[Hong Kong] Central 中環 is the central business district of Hong Kong, across Victoria Harbour from Tsim Sha Tsui.
It is crammed with skyscrapers and swanky malls such as the IFC, known for its nightlife at Lan Kwai Fong, trendy restaurants at SoHo, and old-school eateries near the Mid-Levels.
There is certainly no lack of food choices here. You get an Asia’s 50 Best Restaurants on one side, and a Da Pai Dong (street side stall) a short walk away.
While there are only 10 food places listed here, I plan to increase it to 15 to 20 soon.
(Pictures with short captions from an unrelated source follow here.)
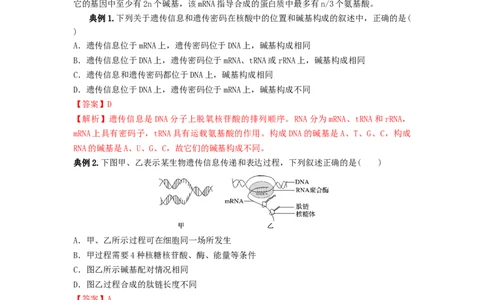 专题19基因的表达（串讲）（解析版）_2024年新高考资料_1.2024一轮复习_备战2024年高考生物一轮复习串讲精练（新高考专用）
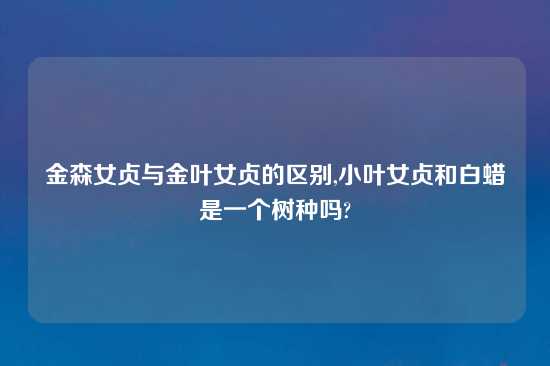 金森女贞与金叶女贞的区别,小叶女贞和白蜡是一个树种吗?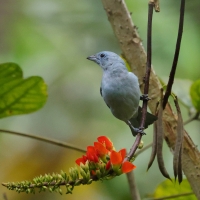 Tangarka niebieska - Blue-grey Tanager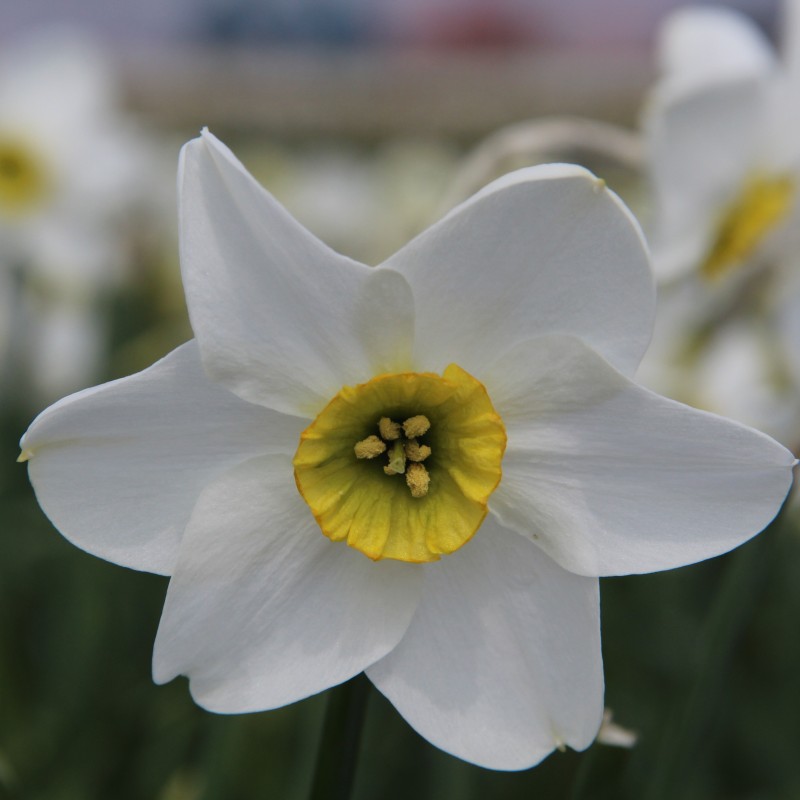 Narcissus 'Sinopel' Narcissus 'Sinopel'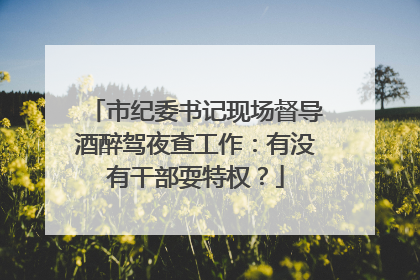 市纪委书记现场督导酒醉驾夜查工作：有没有干部耍特权？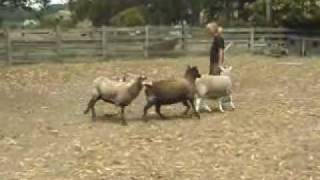 Australian Cattle Dogs Herding Sheep [upl. by Ynitsed]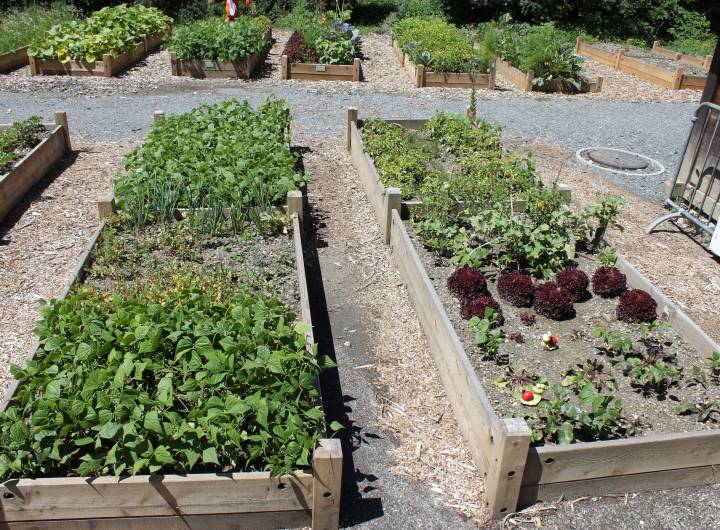 Concours des maisons fleuries 2023 : catégorie &quot;Jardins partagés&quot; - Solange Cooke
In the meantime, these are other places you can also check out.
Man Wah – Michelin Dim Sum at Mandarin Oriental
Bing Sutt G.O.D Starbucks – Star Bucks in old school Hong Kong decor
Dim Sum Icon – Dim sum with cute iconic cartoon designs
Luk Yu – Traditional dim sum and teahouse
Breadstreet Kitchen and Bar – Famous Gordon Ramsay bistro
Yu Ye Desserts – Da Pai Dong serving noodles and old-school desserts
Sing Heung Yuen – Da Pai Dong famous for Noodles in Tomato Soup
Mak’s Noodle Restaurant (Chung Kee) – The other Mak’s Noodle (by another relative)
Emack & Bolio’s – Instagrammable Ice Cream Cones
Butao Ramen – Michelin Recommended Ramen, one of Hong Kong’s best
Zagin Soba – Highly raved Ramen shop
Ho Lee Fook – Hipster, modern Hong Kong restaurant-bar
Cupping Room – Third Wave Coffee popular with CBD crowd
%Arabica – Well known Japanese coffee chain which opened at IFC
Tsui Wah Restaurant – There are many around, but this is one of the most prominent
Tim Ho Wan at IFC – Inexpensive Dim Sum
Ronin – Asia’s 50 Best Restaurant
Amber at The Landmark Mandarin – Asia’s 50 Best Restaurant
8 1/2 Otto e Mezzo Bombana – Asia’s 50 Best Restaurant, 3 Michelin Stars
Kau Kee 九記牛腩
21 Gough Street, Central, Hong Kong (15-20 min walk from Central or Sheung Wan MTR)
Tel +852 2850 5967
Opening Hours 12:30pm – 10:30pm (Mon – Sat), Closed Sun, PH and Lunar New Year period for 10 days
Google Maps -Kau Kee 九記牛腩
Popular Beef Brisket Noodles Institution
The 90 plus year old Kau Kee at Gough Street has become the ‘must-visit’ restaurant for beef brisket noodles, included into many foodies’ bucket list.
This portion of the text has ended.